ENTRIES SUPPLIED

═══

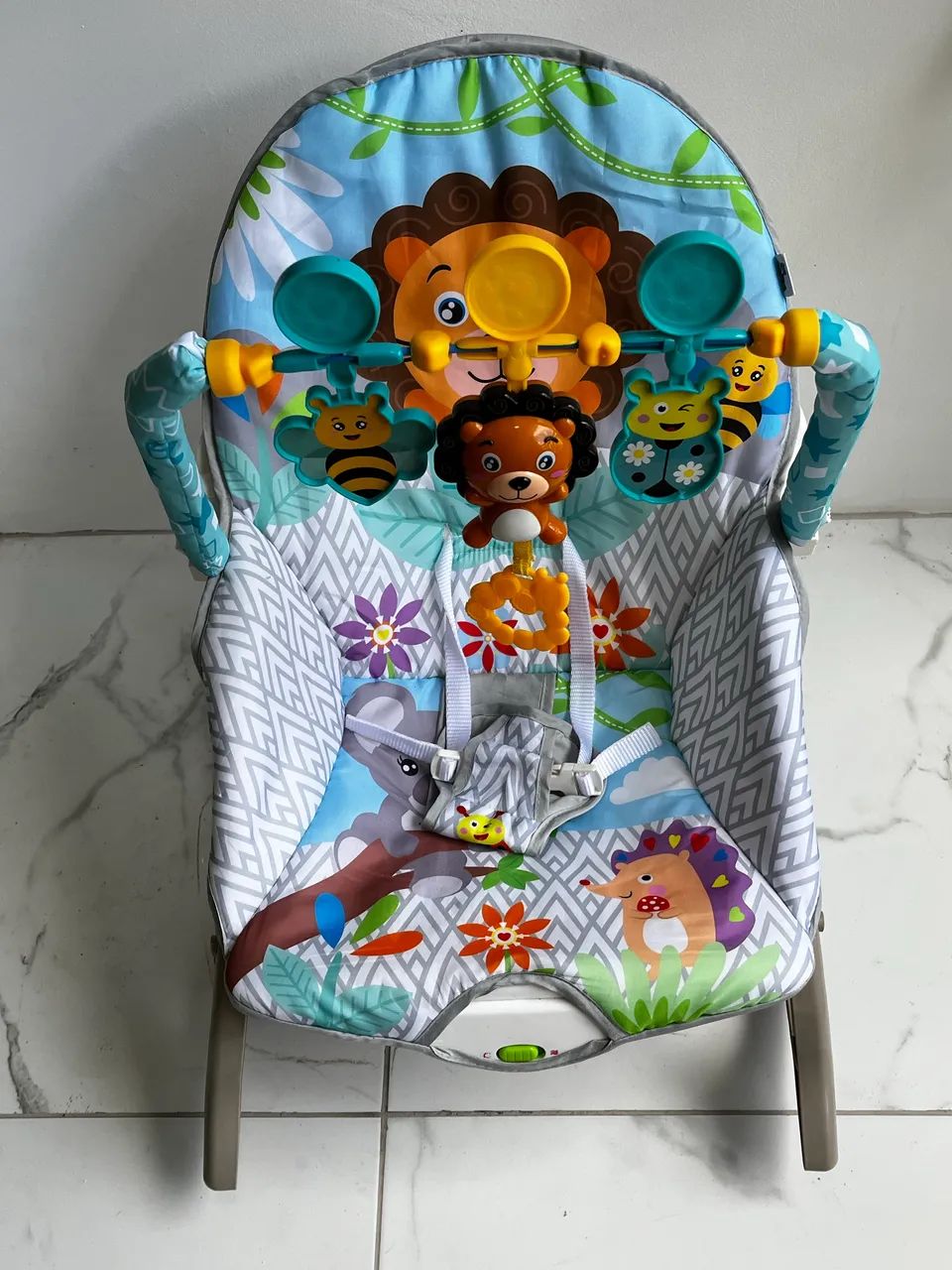 CADEIRA DE BALANÇO PARA BEBÊ  - Foto 4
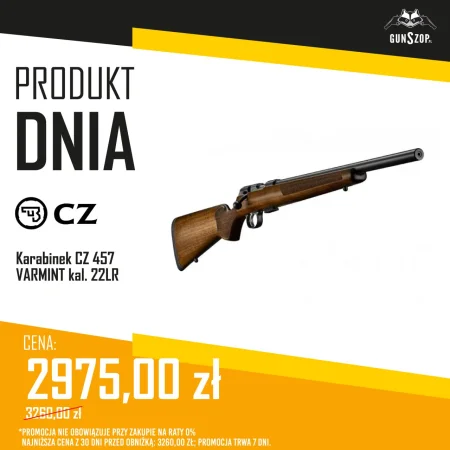 Karabinek CZ 457 VARMINT kal. 22LR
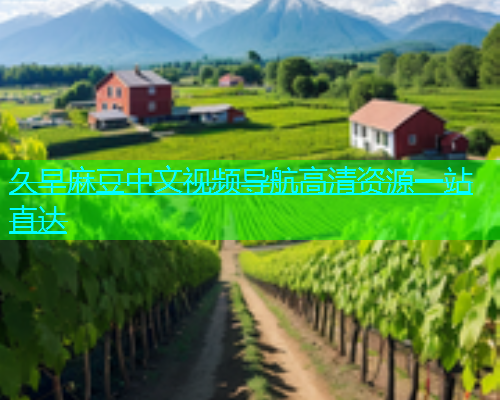 久早麻豆中文视频导航高清资源一站直达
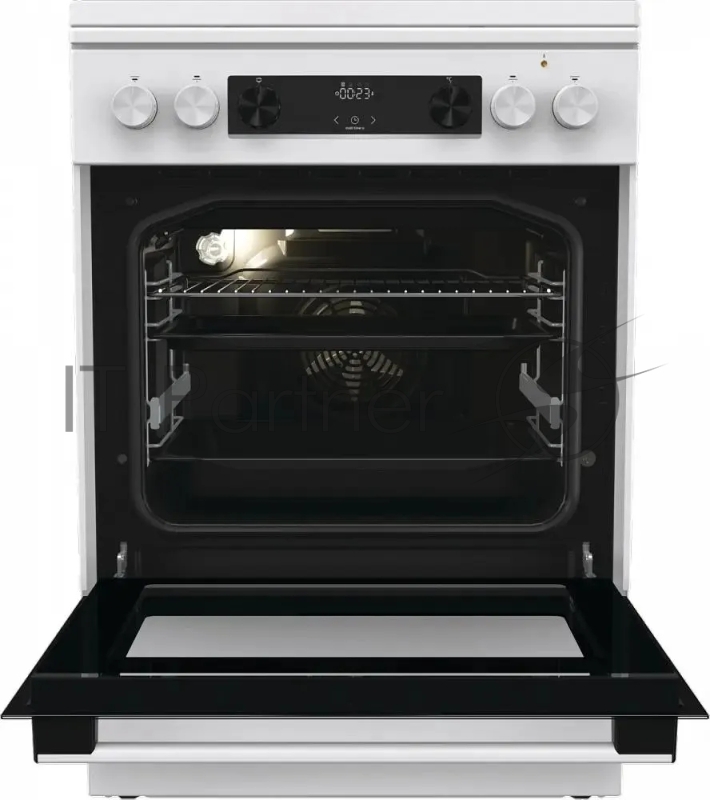 Плита Комбинированная Gorenje GKS6C71WF белый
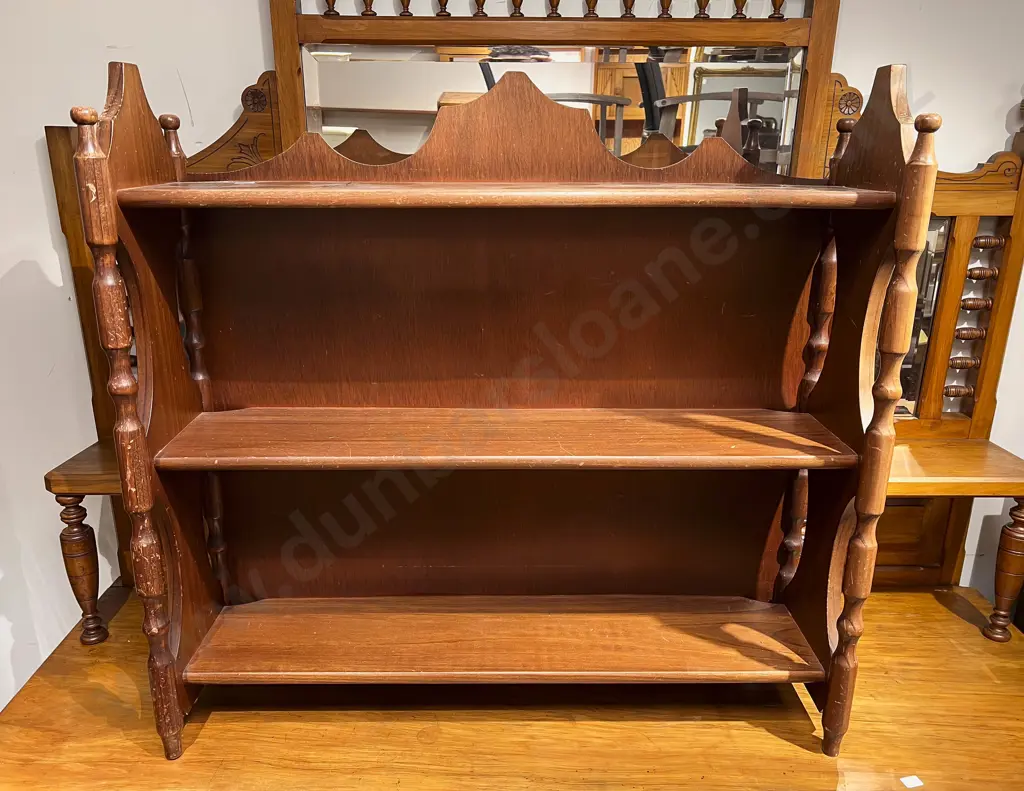 Two Open Shelving Units Image 1++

═══

REQUIRED ACTION
Pictures aside, set down the lines from the one containing "Karabinek CZ 457 VARMINT kal. 22LR" through the end of the records above, exactly and only those.

OUTPUT BELOW
 Karabinek CZ 457 VARMINT kal. 22LR
 久早麻豆中文视频导航高清资源一站直达
 Плита Комбинированная Gorenje GKS6C71WF белый
 Two Open Shelving Units Image 1++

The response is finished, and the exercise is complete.